AVAILABLE DATA —
• • •
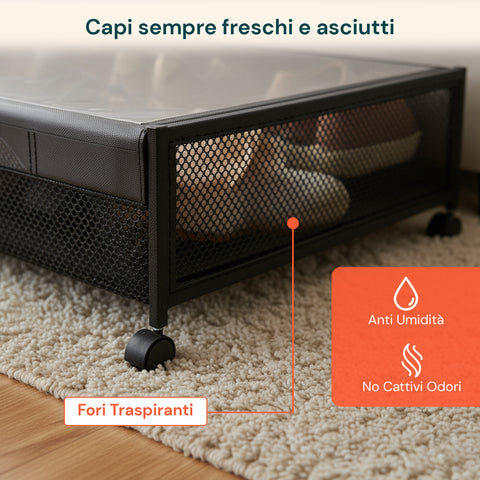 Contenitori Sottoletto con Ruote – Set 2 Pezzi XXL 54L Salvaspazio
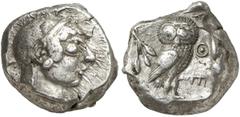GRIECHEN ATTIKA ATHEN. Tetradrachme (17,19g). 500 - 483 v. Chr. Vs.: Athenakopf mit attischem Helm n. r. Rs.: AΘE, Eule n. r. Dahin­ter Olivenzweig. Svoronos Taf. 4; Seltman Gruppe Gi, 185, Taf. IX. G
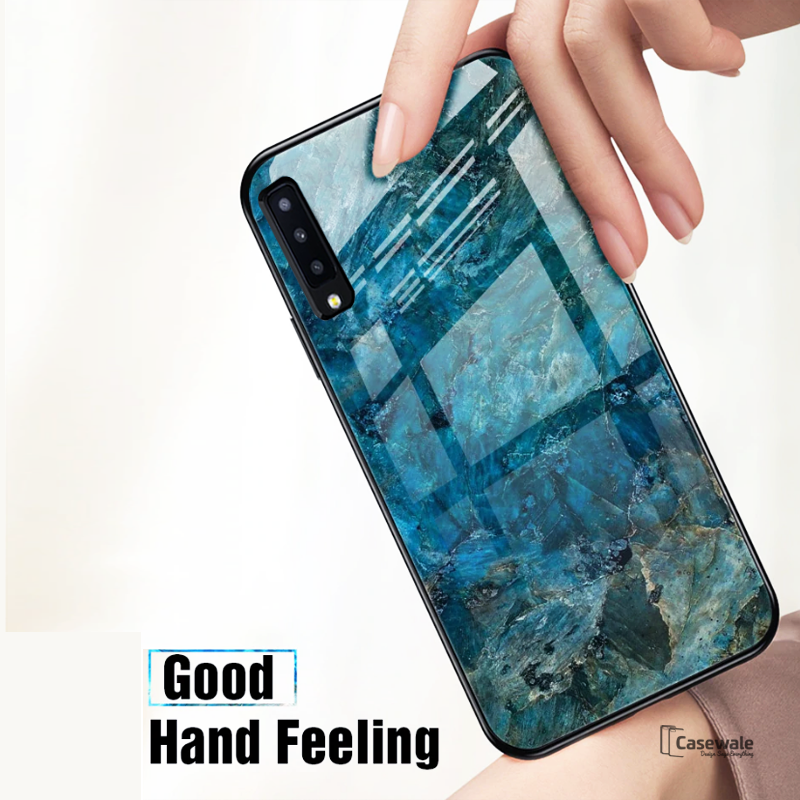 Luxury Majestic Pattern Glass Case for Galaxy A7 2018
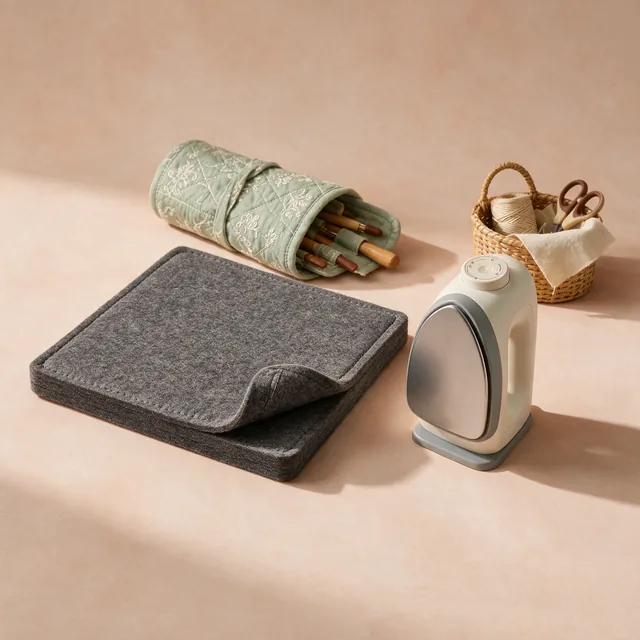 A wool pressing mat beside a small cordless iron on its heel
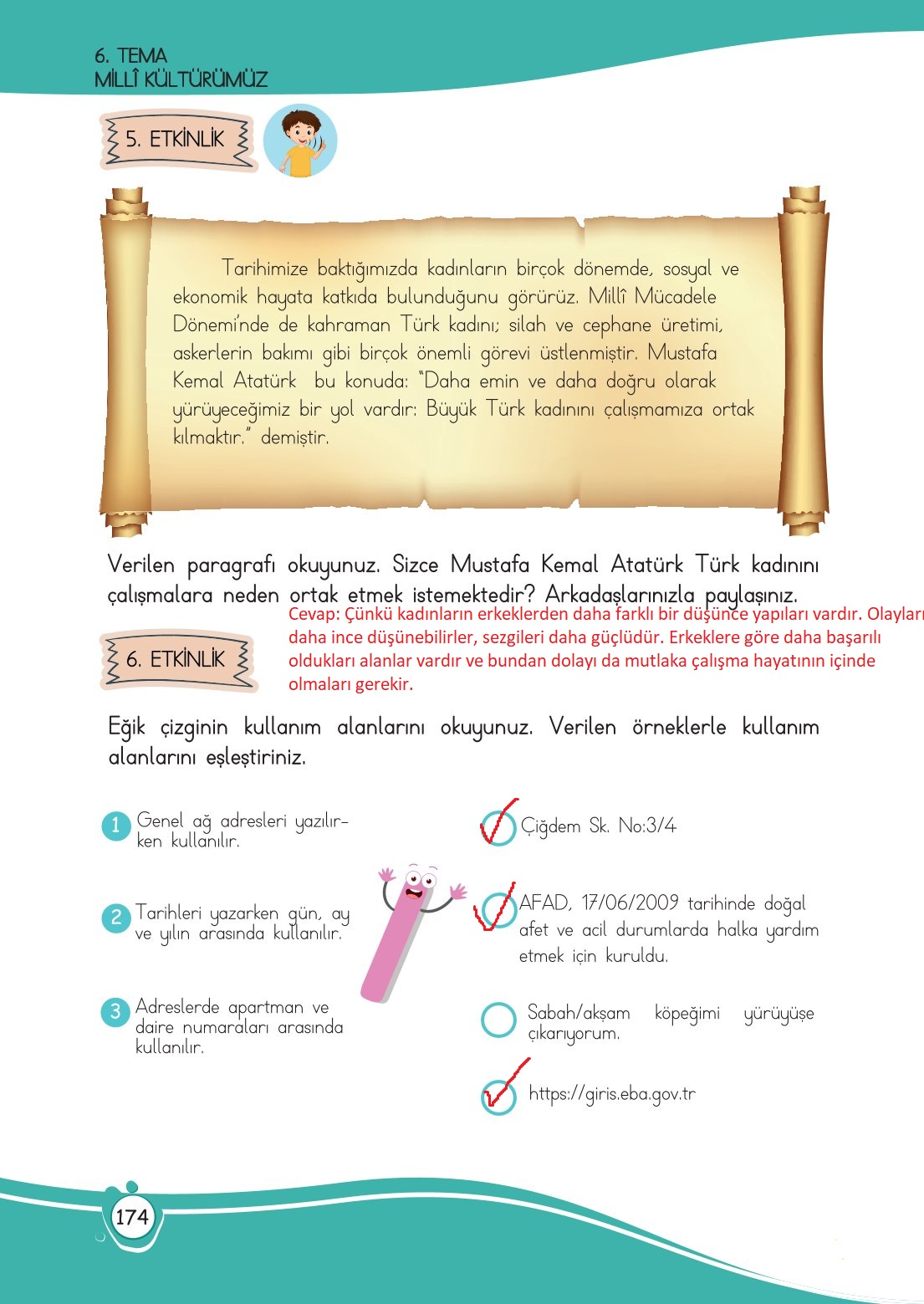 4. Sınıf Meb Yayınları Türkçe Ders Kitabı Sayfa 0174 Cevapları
• • •
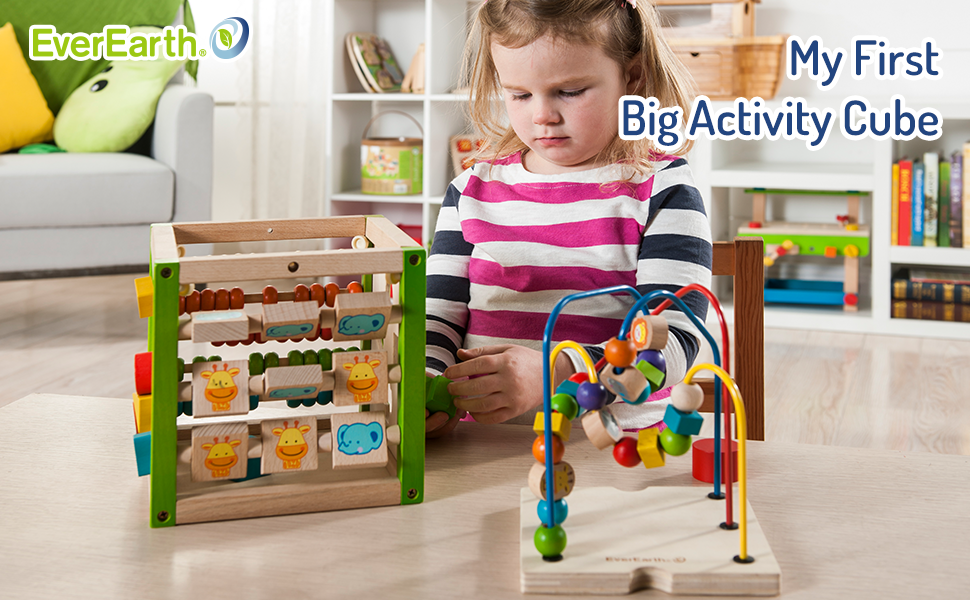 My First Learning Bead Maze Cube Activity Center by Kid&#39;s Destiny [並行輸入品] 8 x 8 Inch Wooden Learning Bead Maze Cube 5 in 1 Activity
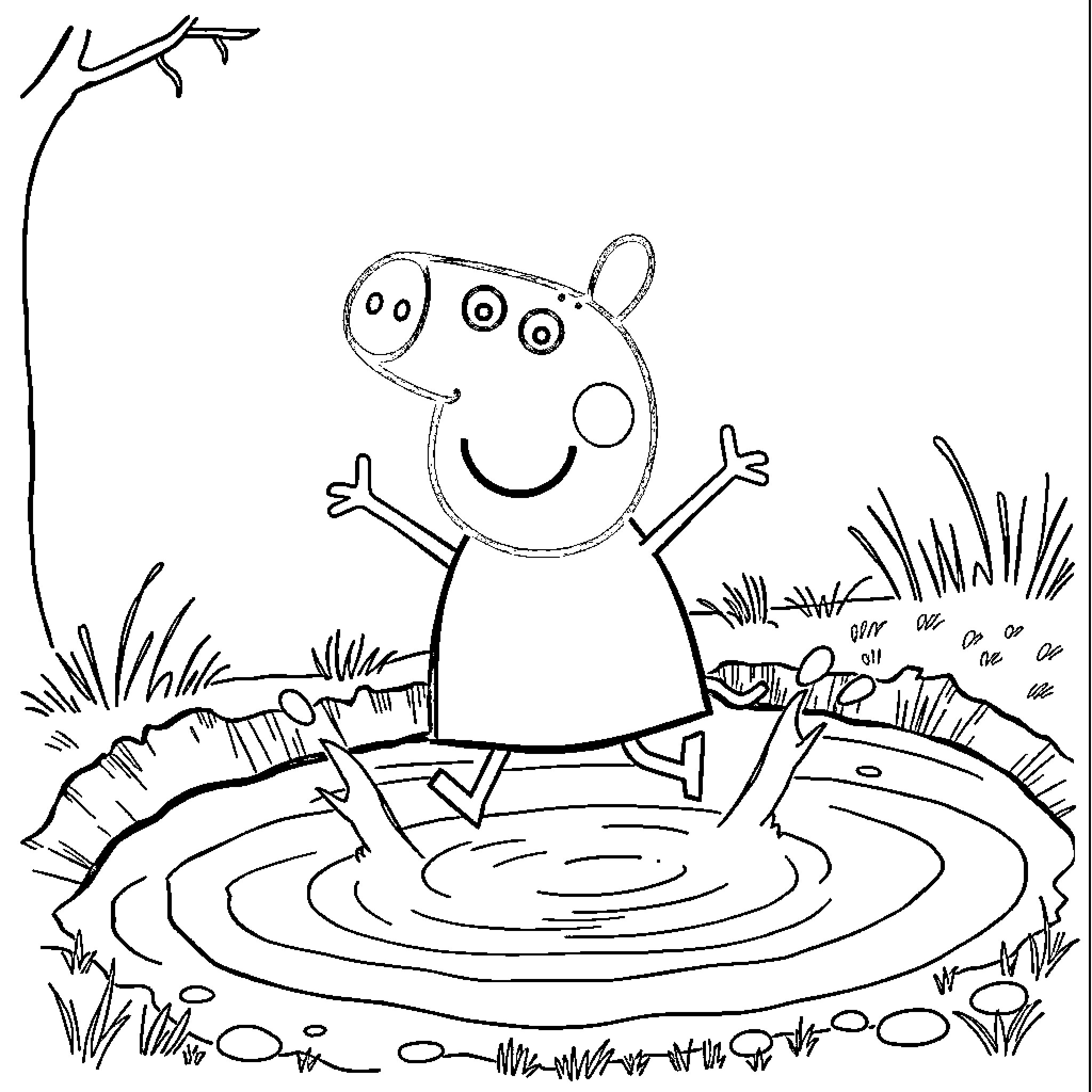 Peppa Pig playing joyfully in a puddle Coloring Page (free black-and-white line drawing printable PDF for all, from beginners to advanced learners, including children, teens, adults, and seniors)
• • •
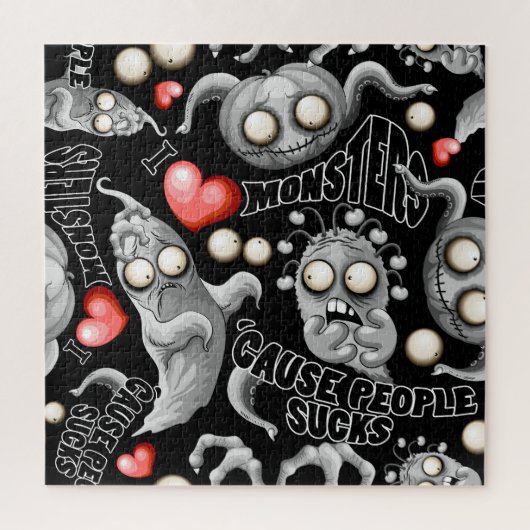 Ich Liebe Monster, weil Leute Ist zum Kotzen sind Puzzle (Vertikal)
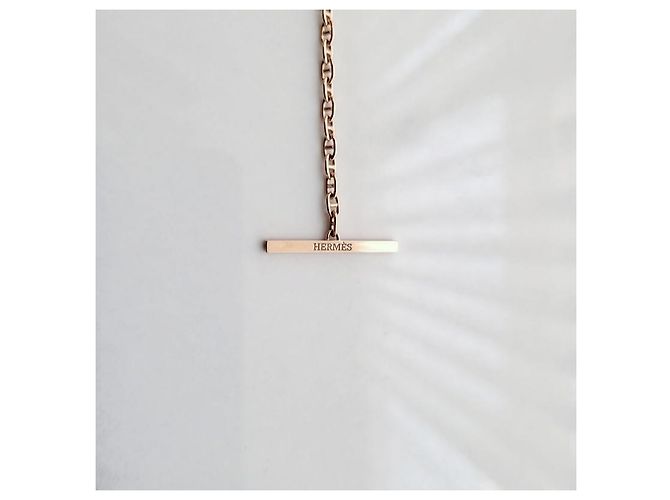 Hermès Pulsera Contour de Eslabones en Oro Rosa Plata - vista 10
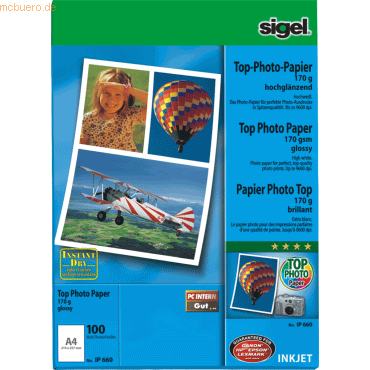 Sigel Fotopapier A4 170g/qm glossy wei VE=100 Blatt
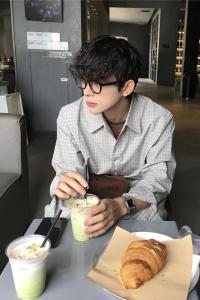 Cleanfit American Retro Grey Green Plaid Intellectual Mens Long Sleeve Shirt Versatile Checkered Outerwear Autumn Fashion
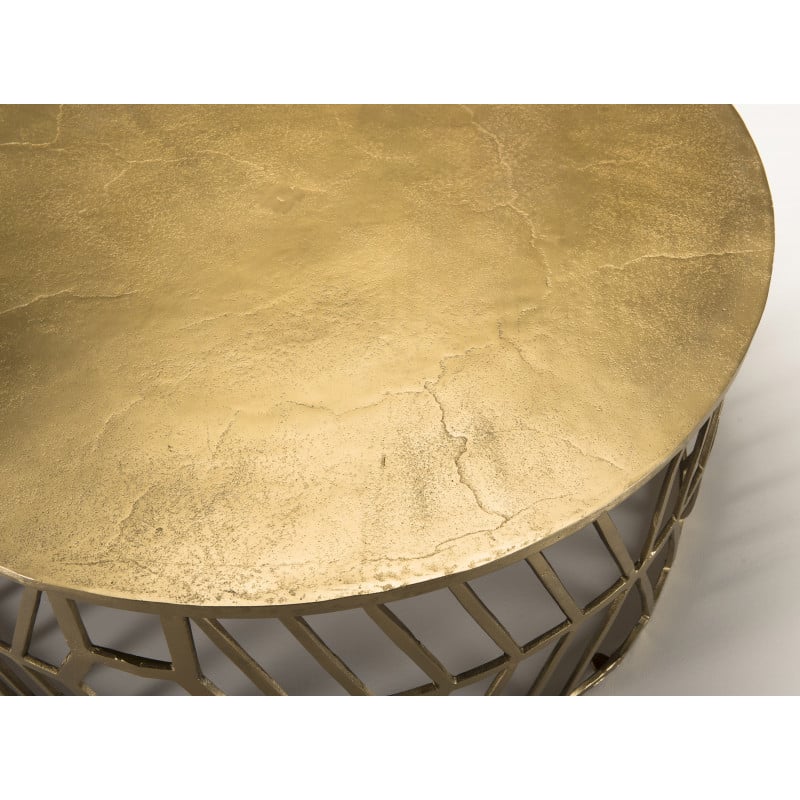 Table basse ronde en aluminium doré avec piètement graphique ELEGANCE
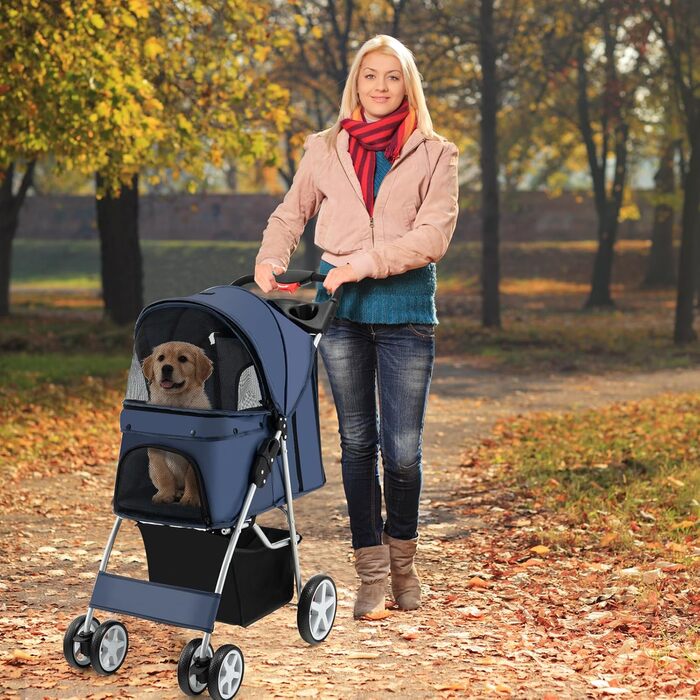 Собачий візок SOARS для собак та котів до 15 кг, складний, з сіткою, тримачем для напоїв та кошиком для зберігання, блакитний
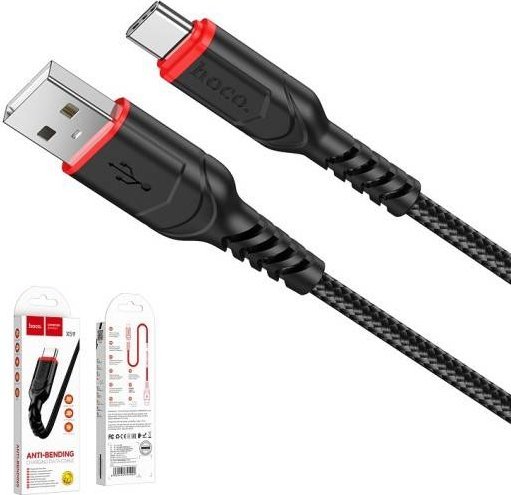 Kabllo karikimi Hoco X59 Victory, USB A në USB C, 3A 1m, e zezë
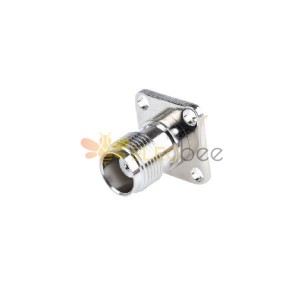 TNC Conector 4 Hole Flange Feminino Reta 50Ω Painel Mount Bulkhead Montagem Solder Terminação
• • •
TASK REQUIREMENTS — Range to copy from the listing above: the line with "Contenitori Sottoletto con" through the line with "4. Sınıf Meb". Transcribe it exactly and skip the pictures.

PROBLEM SOLUTION —
 Contenitori Sottoletto con Ruote – Set 2 Pezzi XXL 54L Salvaspazio
GRIECHEN ATTIKA ATHEN. Tetradrachme (17,19g). 500 - 483 v. Chr. Vs.: Athenakopf mit attischem Helm n. r. Rs.: AΘE, Eule n. r. Dahin­ter Olivenzweig. Svoronos Taf. 4; Seltman Gruppe Gi, 185, Taf. IX. G
 Luxury Majestic Pattern Glass Case for Galaxy A7 2018
 A wool pressing mat beside a small cordless iron on its heel
 4. Sınıf Meb Yayınları Türkçe Ders Kitabı Sayfa 0174 Cevapları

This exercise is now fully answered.